Directed by Lyman Dayton and Sam Pillsbury, who utilized the labors of two others on the script (which doesn't seem like it required four writers), Where the Red Fern Grows is better suited to home viewing, although the Oklahoma scenery would be more impressive on a larger screen. It's a movie families can safely watch together and shed a tear or two over, and it's probably better if you don't have to go out into the real world immediately afterward and find your car's been broken into in the parking lot.

The time is 1935, when functional families were the rule-- or so they tell us-- when hard work and determination paid off and you didn't have to use connections and treachery to succeed. (And all '50s families were like the Cleavers and '70s families were like the Bradys...)

Billy Coleman (Joseph Ashton) is growing up on an Oklahoma farm with his parents (Dave Matthews and Renee Faia) and two little sisters. Grandpa (Dabney Coleman) lives nearby and runs the local general store.

Billy wants huntin' dogs so bad he can taste them-- and if the Depression gets any worse he may have to. Because "he ain't got no quit in him" Billy does odd jobs until he saves the money to send away for a pair of hounds, which he has to run away from home to pick up in a neighboring town. There he gets into a fight with some "city boys" (they wear shoes) and meets the kindly sheriff (Ned Beatty).

He brings the dogs home, naming them Dan and Ann (which become "Ol' Dan" and "Li'l Ann") along the way. Before anyone can say, "Omigod, two more mouths to feed!" Billy's taught them to hunt coons-- raccoons, lest anyone remember other period slang-- and a thriving cottage industry is born.

To keep the film family friendly (and to save on effects and/or advanced animal training) the makers have gone to extremes to avoid showing violence. This means that except for the two main dogs there's almost never more than one animal in the frame at a time. It's all in the editing: cut from raccoon running to dogs running and you assume the dogs are chasing the raccoon. (An exception is explained in one of the DVD extras, an interview with the trainers.)

This method glosses over the transition from a live coon up a tree to a coonskin on the barn wall, and in one scene where a person is killed accidentally there's so little shown you have to piece together what happened from the scene that follows.

The story unfolds episodically: the dogs' first hunt, the hunt for the Pritchards' "ghost coon," and the 20th Annual Ozark Coonhound Championship. Although nothing's presented on a fantasy level, we're supposed to believe the dogs understand Billy when he talks to them, as when he explains they have to leave the coons they've treed and go look for Grandpa.

There are tears to be shed, for Billy will eventually ask, "Mom, do you think God made a heaven for dogs?" (Elvis already told us, "If there's a heaven where good doggies go, Old Shep has a wonderful home." Can't someone weigh in with a theological answer?)

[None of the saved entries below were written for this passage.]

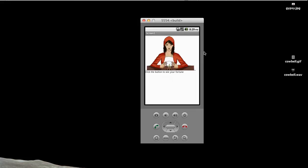We will now create an app which will have a picture of a fortune teller like this with a message saying click the button, and when we click this picture we will hear a random fortune.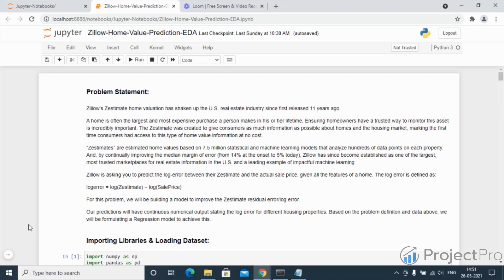And by continually improving the median margin of error from 14% at the onset to 5% today, Zillow has since become established as one of the largest and most trusted marketplaces for real estate information in the US. It is also a leading example of impactful machine learning.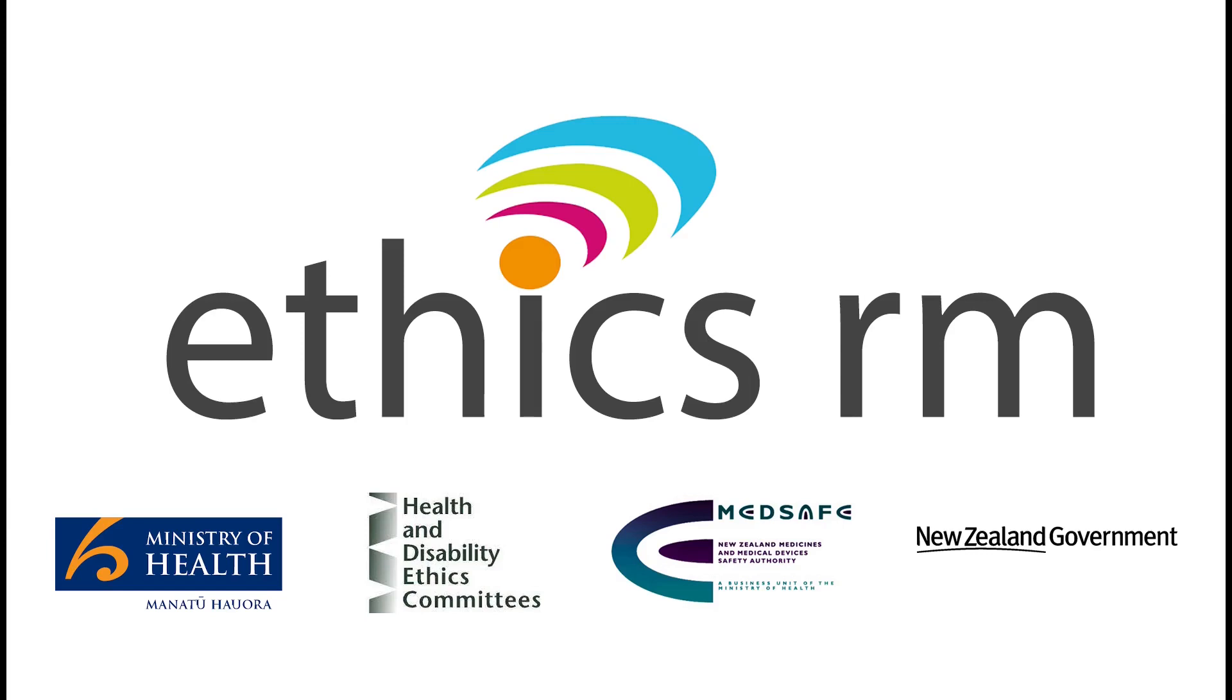Kia ora. We've created a series of instructional videos that will take you through how to create, edit and track your application through the Ethics Review Manager platform.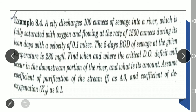A city is having a discharge of 100 cumecs of sewage, which has been discharged into the river. The river is assumed to be fully saturated with oxygen and is flowing at a rate of 1500 cumecs — that is Qr = 1500 — during its lean days.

OK, what about the acting? You've got your old pros-- Coleman, Beatty, and Kris Kristofferson, who plays Billy all grown up and narrates the story; and you've got the rest, most of whom exude the naturalness of nonprofessionals in Italian neorealist classics, only less so.

Yes, Dave's in the latter group. He has an unfortunate habit of nodding his head, as if to show he's awake, every time the camera points at him; but he looks good, even in Depression-era overalls, and has a pleasant enough screen presence that he doesn't embarrass himself. It will be interesting to see what a better director, Wayne Wang, gets out of him in Because of Winn-Dixie.

Alison Kraus and Wynonna are the best-known artists on the DMB-free soundtrack. Steve Holy sings the closing song, "Way Back When," which would have worked better at the beginning to set the mood of "...a time when love was saved for the wedding day."

If you want to return to that mythical time, "Where the Red Fern Grows" will take you there. It's the best movie of its kind in a coon's age. Of course, coons didn't live to be very old when Dan and Ann were around.


Young Billy Coleman "ain't got no quit in him" when it comes to finding a hunting dog.